Palladium-catalyzed Buchwald–Hartwig C(sp2)-N coupling, encompassing both the amination and amidation of (hetero)aryl halides, is among the most widely used transformations in modern organic and medicinal chemistry [1,2,3,4,5,6]. Nitrogen-containing heteroaromatics are widely represented in pharmaceuticals, agrochemicals, and functional materials, and direct N-arylation often offers the shortest and most practical route to N-substituted heterocycles [7,8]. Among aryl and heteroaryl halides, bromides offer a reasonable balance of availability, stability, and reactivity in Buchwald–Hartwig C-N coupling. However, in heteroaryl bromides, this synthetic convenience is limited by the strong dependence of reactivity on the nature of the heterocyclic core and on the position of the C-Br bond. The possible coordination of a heteroatom lone pair to palladium, undesired catalyst poisoning, and slowed reductive elimination repeatedly shut down catalytic cycles that proceed smoothly with simple aryl bromides [9,10,11]. Consequently, different heteroaryl electrophile classes frequently require specifically optimized ligand and base combinations and reaction conditions screening. Such substrate-specific behavior has been reported for 2-chloropyrimidines [12], five-membered azoles [13,14,15], base-sensitive heterocycles coupled with aliphatic amines [16], and primary amides on (hetero)aryl chlorides [17,18]. The ligand-free “naked nickel” protocol [19] and the design of aqueous, biphasic, or solvent-free conditions [20,21,22] have further broadened the existing toolbox. Still, they have not eliminated the fundamental need for electrophile-dependent tuning of reactions.
A practical consequence of this complexity is that no versatile structure–reactivity rules apply across the heteroaromatic halide series. For nearly every new scaffold, the optimal combination of palladium source, supporting ligand, base, and solvent must be re-established empirically [23,24]. High-throughput experimentation (HTE), in which dozens to hundreds of catalytic reactions are run in parallel in 24- or 96-well plates, is currently the most efficient approach to this problem [25,26,27]. In addition to accelerating optimization, HTE generates structured datasets suitable for statistical and machine learning analyses, which begin to reveal underlying reactivity patterns and provide predictive condition substrate maps [28,29,30,31]. In particular, the accessible 96-well plate protocol [25] has become a standardized template for the rapid scanning of ligand/base space in Buchwald–Hartwig amination and can be implemented without dedicated robotic platforms.
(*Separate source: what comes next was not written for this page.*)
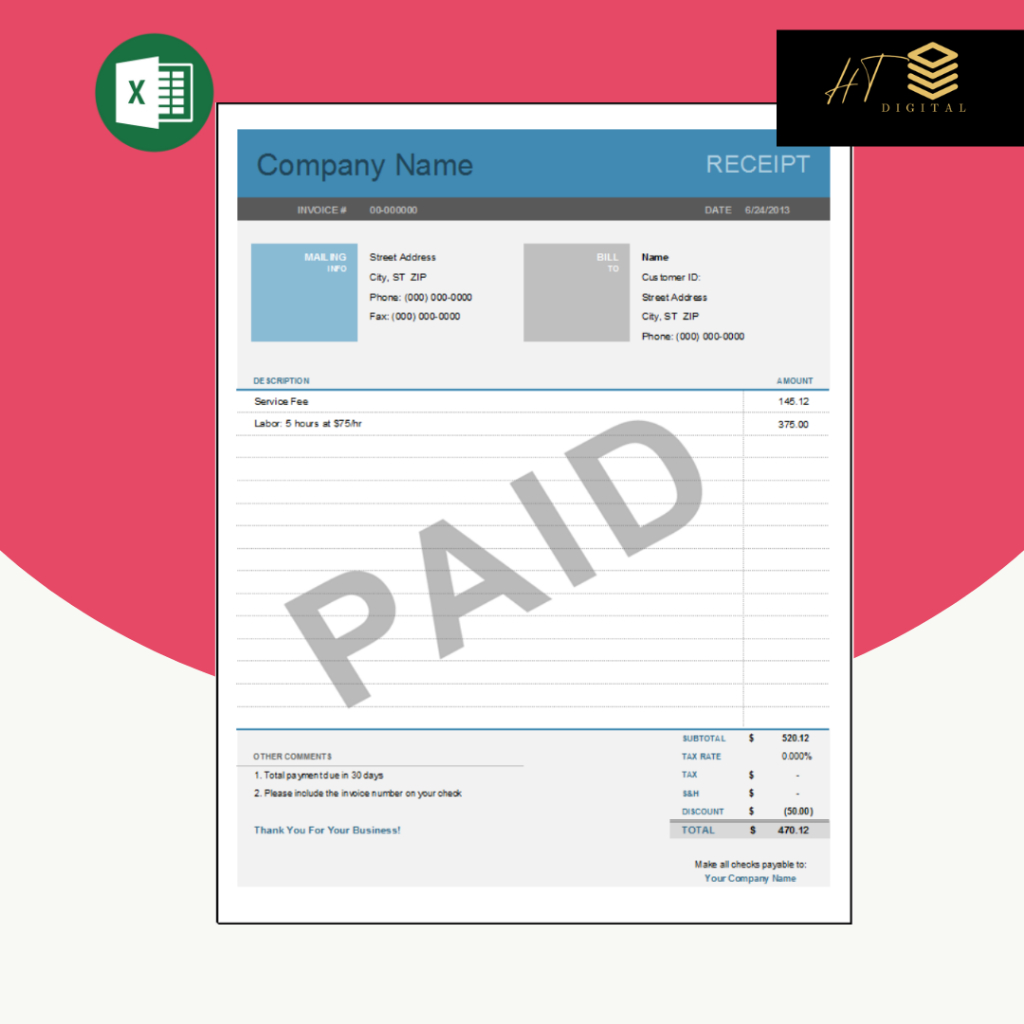Invoice Receipt Template Billing Slip 10 in 1 | Easy to edit in ...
Mechanistic and kinetic studies of five-membered heteroaryl halides further show that off-cycle and catalyst decomposition pathways are strongly substrate-dependent. These findings support systematic, data-driven screening over isolated, case-by-case optimization [28,31].
For this purpose, imidazo[1,5-a]pyridine provides a compact platform with six available bromination sites, enabling the study of position-dependent reactivity in Buchwald–Hartwig C-N couplings within a single heteroaromatic core. Its use here is primarily methodological, but the scaffold also has practical relevance: imidazo[1,5-a]pyridines appear in fluorescent dyes and luminescent metal complexes [32,33], provide direct access to N-heterocyclic carbene precursors and their axially chiral derivatives [34,35], and are represented in medicinal chemistry programs, including 5-HT4 receptor partial agonists [36], tubulin/PI3K/Akt modulators [37], GSK-3β inhibitors [38], GCN2 modulators, and METTL3 inhibitors [39,40]. Despite this relevance, reports of Pd-catalyzed C-N coupling on the imidazo[1,5-a]pyridine scaffold are absent from the peer-reviewed literature. In the patent literature, we found only one precedent describing the selective Buchwald–Hartwig-type amination of a 6-bromo-1-iodo derivative at the iodinated position, preserving the bromide for subsequent Suzuki coupling [39]. However, this example provides no information about the reactivity of the imidazo[1,5-a]pyridine bromides in catalytic C-N couplings, leaving this field entirely unexplored.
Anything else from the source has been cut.